Przemyślałem ten zapis umowy i w tym "zwielokrotnianiu" prawdopodobnie chodzi o to, że DJ nie ma prawa udostępniać utworu, który sobie skopiował (zwielokrotnił).
Natomiast nie znalazłem jak dotąd żadnej informacji/przepisu prawa, który pozwalałby DJ-owi na dowolne rozpowszechnianie utworów. Oczywiście jeśli korzysta on z utworów na wolnych licencjach albo ma osobną umowę z twórcami, ewentualnie w drodze kilku innych wyjątków - ma także prawo do rozpowszechniania (zazwyczaj na określonych warunkach), ale czy w pozostałych? Moim zdaniem nie.
To, że branża działa tak, a nie inaczej od lat, nie oznacza, że wszystko jest w porządku, ani nie oznacza, że działa zgodnie z prawem. M.in. z tego co czytałem, żeby to spróbować uregulować, stworzono możliwość podpisania umowy DJ-skiej jednocześnie z kilkoma instytucjami zarządzającymi prawami.
I o ile ZAIKS ma swoje za uszami, tak w tym przypadku nie wieszałbym na nim psów, bo te regulacje to jest jedna z tych rzeczy, do których ta instytucja została powołana.
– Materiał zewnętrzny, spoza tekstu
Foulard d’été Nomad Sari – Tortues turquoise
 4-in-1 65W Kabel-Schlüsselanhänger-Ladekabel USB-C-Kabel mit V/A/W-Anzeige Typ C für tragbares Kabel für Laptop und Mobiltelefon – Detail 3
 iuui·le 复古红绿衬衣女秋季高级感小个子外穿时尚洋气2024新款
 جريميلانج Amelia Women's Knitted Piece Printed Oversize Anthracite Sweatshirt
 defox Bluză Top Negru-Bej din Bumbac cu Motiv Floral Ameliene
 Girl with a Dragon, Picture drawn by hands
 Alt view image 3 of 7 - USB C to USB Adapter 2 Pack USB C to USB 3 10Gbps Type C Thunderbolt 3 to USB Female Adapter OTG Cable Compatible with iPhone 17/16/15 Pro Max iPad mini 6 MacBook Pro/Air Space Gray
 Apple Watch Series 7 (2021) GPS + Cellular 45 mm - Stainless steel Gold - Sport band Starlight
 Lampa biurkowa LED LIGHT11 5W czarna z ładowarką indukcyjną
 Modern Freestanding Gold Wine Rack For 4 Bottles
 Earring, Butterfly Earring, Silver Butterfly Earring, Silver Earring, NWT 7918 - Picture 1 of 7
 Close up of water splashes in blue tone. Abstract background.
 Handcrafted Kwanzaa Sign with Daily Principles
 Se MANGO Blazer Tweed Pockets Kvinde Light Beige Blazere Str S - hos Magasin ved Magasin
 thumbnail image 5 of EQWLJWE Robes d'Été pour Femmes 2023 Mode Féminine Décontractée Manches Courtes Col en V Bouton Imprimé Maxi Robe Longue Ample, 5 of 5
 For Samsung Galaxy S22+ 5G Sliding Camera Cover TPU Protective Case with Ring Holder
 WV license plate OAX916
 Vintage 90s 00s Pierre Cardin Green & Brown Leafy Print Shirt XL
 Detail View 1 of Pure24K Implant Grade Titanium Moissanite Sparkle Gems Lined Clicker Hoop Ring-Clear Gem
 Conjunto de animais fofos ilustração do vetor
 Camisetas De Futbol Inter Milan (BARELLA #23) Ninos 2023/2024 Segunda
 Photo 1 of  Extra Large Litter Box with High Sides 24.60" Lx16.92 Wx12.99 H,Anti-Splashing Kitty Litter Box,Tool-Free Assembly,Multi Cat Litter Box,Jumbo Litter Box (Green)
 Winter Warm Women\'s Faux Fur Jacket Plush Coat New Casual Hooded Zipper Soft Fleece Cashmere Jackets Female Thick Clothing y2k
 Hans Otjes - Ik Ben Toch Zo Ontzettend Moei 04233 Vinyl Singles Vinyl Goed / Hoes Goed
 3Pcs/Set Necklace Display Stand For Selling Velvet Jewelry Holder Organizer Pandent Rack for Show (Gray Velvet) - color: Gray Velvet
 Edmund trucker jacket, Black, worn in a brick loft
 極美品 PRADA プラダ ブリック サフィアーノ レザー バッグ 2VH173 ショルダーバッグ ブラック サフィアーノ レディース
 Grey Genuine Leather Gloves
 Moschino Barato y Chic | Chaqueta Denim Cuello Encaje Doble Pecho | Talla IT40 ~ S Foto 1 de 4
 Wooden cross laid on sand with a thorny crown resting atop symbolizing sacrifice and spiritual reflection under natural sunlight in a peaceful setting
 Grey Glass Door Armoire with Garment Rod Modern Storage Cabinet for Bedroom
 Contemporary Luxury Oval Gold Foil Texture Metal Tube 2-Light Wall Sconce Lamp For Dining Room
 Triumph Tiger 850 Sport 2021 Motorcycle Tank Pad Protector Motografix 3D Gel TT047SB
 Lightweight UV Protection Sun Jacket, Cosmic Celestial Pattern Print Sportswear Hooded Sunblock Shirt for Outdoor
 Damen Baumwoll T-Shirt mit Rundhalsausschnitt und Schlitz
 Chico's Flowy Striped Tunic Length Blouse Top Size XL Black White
Jeśli YT zablokował streama, to jest to albo wynik jakiegoś dosłownie błędu w działaniu algorytmów, albo utwór podlega jakiejś ochronie. I teraz pytanie - czy DJ ma umowę pozwalającą na rozpowszechnianie, czy nie. I czy stream imprezy można potraktować jako formę rozpowszechniania?